━━━ EXCERPTED RECORDS

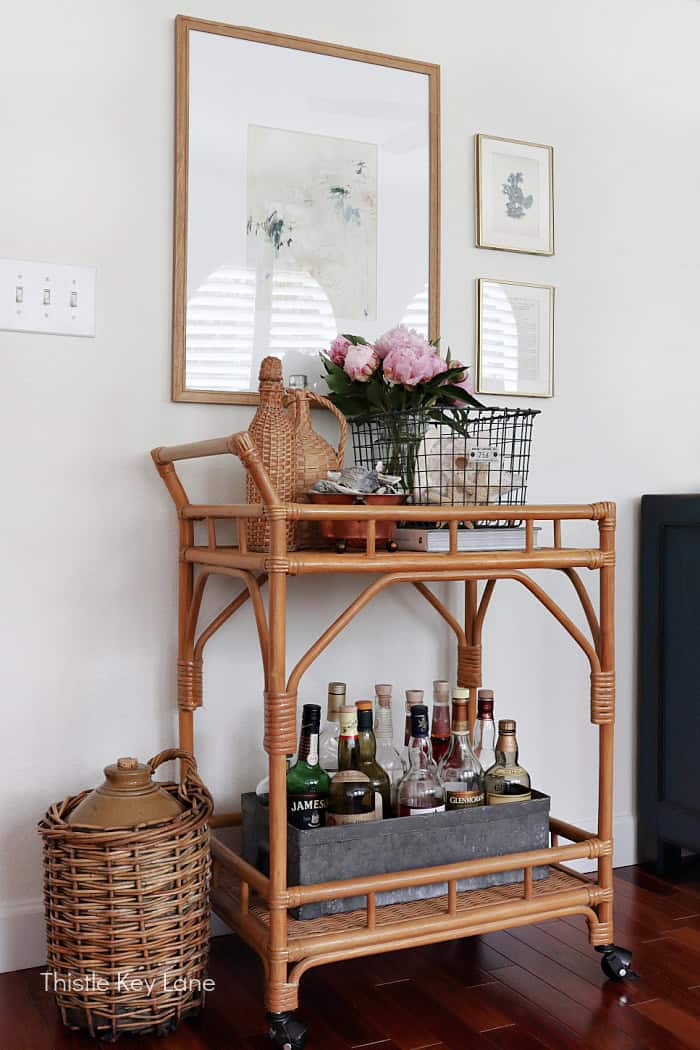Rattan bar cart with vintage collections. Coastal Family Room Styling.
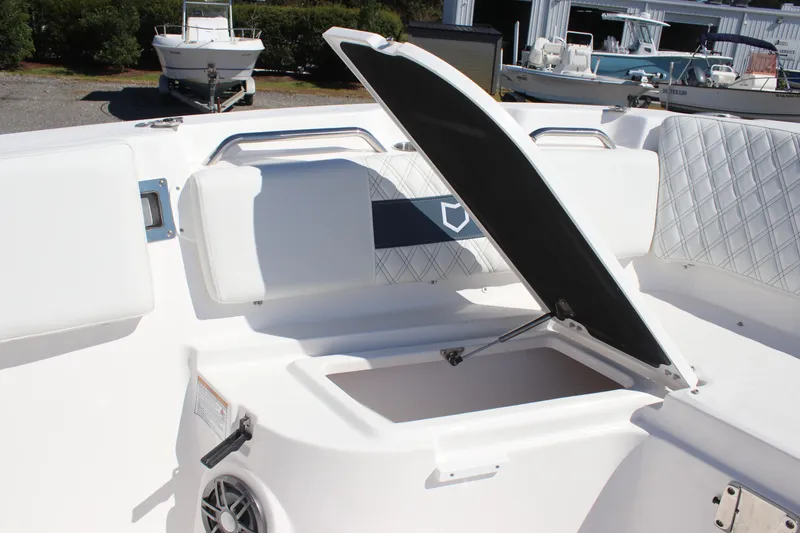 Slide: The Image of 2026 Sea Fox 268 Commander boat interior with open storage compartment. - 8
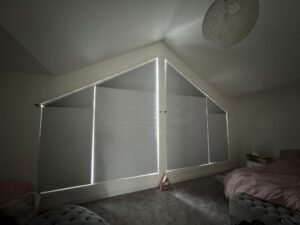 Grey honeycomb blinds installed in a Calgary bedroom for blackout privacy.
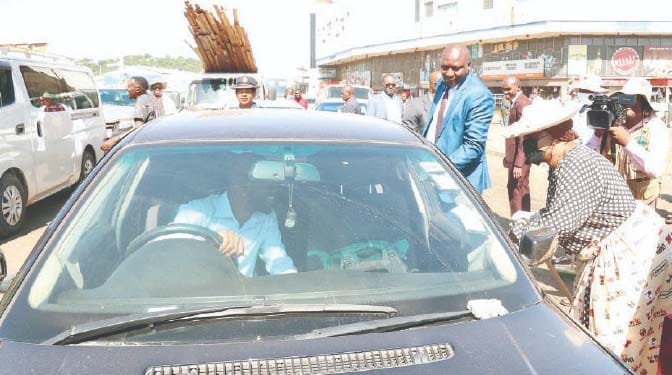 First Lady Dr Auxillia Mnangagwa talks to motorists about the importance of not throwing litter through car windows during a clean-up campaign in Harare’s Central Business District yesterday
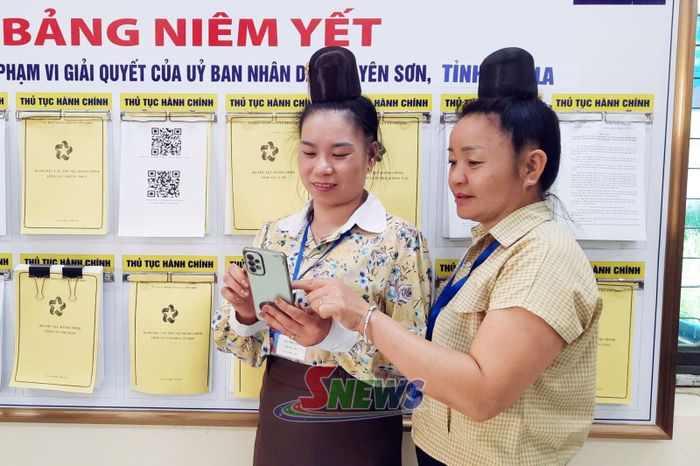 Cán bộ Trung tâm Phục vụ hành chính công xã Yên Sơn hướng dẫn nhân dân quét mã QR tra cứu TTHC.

━━━━━━

- [WHAT YOU WILL DO]
Your output must consist only of the lines from the line with "First Lady Dr" through the final line of the data, both included, reproduced exactly and free of pictures.

- [OUTPUT FOR THIS EXERCISE]
 First Lady Dr Auxillia Mnangagwa talks to motorists about the importance of not throwing litter through car windows during a clean-up campaign in Harare’s Central Business District yesterday
 Cán bộ Trung tâm Phục vụ hành chính công xã Yên Sơn hướng dẫn nhân dân quét mã QR tra cứu TTHC.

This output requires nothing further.